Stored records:
━━━━
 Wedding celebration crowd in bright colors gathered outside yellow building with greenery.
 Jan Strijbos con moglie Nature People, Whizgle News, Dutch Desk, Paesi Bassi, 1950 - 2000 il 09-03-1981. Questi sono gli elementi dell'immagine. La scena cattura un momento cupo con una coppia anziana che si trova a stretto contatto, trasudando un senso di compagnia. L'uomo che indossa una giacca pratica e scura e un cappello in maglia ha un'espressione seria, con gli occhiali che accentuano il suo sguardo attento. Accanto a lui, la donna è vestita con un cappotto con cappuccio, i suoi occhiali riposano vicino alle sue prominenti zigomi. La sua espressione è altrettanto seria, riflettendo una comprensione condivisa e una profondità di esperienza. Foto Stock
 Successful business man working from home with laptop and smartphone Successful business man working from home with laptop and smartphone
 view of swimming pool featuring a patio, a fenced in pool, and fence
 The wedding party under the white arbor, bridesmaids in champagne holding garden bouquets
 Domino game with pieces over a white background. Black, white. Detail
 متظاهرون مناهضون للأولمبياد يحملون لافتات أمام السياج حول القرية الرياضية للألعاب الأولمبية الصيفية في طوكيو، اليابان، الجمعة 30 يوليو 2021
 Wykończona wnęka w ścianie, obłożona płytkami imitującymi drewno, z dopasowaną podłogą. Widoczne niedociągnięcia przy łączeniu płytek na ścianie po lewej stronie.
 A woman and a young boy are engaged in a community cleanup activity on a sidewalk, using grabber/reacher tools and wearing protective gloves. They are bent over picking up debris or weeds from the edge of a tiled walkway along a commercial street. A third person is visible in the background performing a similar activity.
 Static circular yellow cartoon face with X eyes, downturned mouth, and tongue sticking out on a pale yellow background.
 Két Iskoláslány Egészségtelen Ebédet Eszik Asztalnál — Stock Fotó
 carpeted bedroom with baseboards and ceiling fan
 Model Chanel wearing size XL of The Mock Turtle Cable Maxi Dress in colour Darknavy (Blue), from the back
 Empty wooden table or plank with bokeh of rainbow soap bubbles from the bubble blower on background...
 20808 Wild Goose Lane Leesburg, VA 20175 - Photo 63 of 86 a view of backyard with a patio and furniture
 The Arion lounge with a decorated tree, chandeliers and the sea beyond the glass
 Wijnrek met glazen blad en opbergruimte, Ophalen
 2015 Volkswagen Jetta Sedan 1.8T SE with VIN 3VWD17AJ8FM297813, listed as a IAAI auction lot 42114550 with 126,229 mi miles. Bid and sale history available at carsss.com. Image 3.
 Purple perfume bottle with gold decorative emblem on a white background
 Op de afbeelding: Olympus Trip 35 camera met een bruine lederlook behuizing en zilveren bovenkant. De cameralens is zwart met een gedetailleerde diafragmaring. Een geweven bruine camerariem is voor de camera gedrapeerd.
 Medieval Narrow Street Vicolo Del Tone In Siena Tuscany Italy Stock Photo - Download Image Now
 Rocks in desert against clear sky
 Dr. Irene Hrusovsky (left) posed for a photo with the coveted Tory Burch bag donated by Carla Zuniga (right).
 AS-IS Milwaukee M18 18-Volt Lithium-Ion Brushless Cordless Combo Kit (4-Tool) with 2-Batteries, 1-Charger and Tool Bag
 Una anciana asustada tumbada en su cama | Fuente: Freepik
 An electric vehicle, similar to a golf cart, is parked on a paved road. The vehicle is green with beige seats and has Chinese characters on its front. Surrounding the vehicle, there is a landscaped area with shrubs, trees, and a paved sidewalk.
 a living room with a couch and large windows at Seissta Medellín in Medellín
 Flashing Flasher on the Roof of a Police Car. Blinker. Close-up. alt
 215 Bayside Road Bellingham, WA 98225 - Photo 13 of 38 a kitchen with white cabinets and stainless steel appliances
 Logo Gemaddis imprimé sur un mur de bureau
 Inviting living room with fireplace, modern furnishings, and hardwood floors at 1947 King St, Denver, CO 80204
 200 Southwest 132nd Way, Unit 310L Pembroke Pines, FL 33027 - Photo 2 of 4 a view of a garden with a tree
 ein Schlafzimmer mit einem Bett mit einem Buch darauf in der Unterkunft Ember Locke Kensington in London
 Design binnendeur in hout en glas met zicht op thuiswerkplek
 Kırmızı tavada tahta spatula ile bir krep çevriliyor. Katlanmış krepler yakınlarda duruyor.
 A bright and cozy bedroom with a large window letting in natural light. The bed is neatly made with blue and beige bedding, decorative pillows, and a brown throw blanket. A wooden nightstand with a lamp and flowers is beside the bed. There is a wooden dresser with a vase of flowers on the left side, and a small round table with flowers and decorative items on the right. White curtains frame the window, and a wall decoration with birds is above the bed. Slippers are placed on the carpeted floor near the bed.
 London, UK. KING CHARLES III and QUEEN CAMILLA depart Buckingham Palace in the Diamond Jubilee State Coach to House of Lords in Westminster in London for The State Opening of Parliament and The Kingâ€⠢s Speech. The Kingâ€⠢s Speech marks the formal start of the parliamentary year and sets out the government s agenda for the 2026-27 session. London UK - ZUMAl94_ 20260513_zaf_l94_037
━━━━
Exercise instructions:
All lines above between those holding "Dr. Irene Hrusovsky" and "a living room", inclusive, must be set down unchanged, and no other line may be included.

Result of this exercise:
 Dr. Irene Hrusovsky (left) posed for a photo with the coveted Tory Burch bag donated by Carla Zuniga (right).
 AS-IS Milwaukee M18 18-Volt Lithium-Ion Brushless Cordless Combo Kit (4-Tool) with 2-Batteries, 1-Charger and Tool Bag
 Una anciana asustada tumbada en su cama | Fuente: Freepik
 An electric vehicle, similar to a golf cart, is parked on a paved road. The vehicle is green with beige seats and has Chinese characters on its front. Surrounding the vehicle, there is a landscaped area with shrubs, trees, and a paved sidewalk.
 a living room with a couch and large windows at Seissta Medellín in Medellín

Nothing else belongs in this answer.